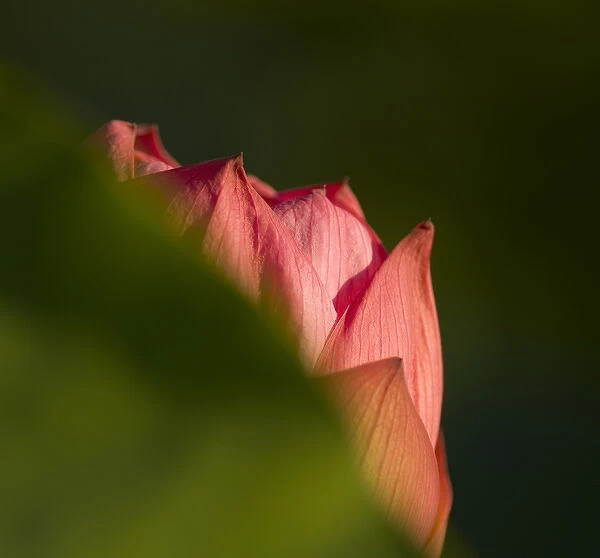 United States, DC, Washington, Kenilworth Aquatic Gardens, selective focus of pink lotus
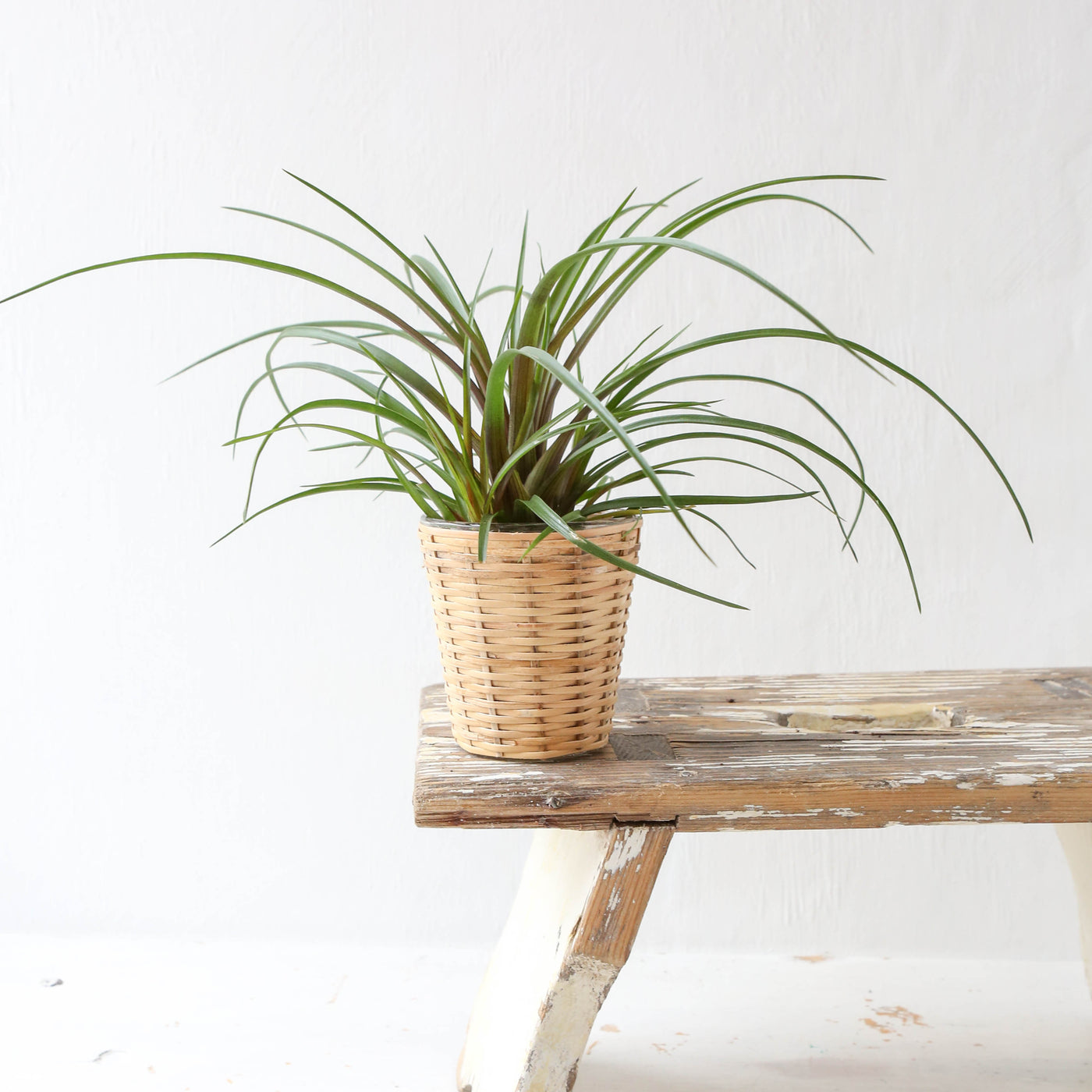 Rattan Covered Planter
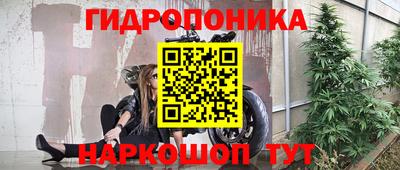 крисы Канаш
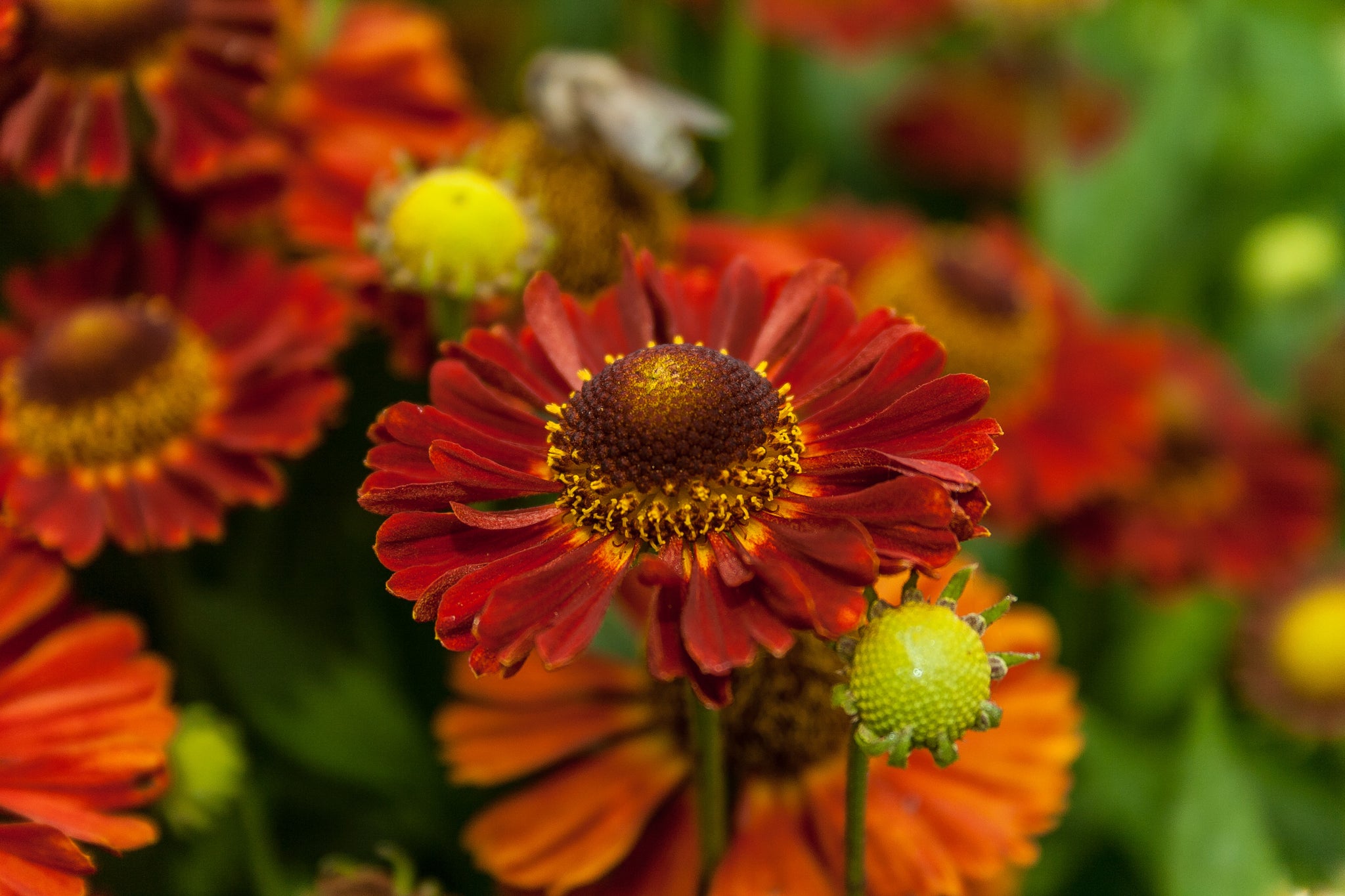 Helenium autumnale SNEEZEWEED MIX Hybrids – Ferri Seeds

☆ ☆ ☆ ☆ ☆

** TASK ITEM **
Once you find the line that contains "крисы Канаш", give it again along with every later line through the end of the data, word for word, minus the pictures.

** RESULT OF THIS EXERCISE **
 крисы Канаш
 Helenium autumnale SNEEZEWEED MIX Hybrids – Ferri Seeds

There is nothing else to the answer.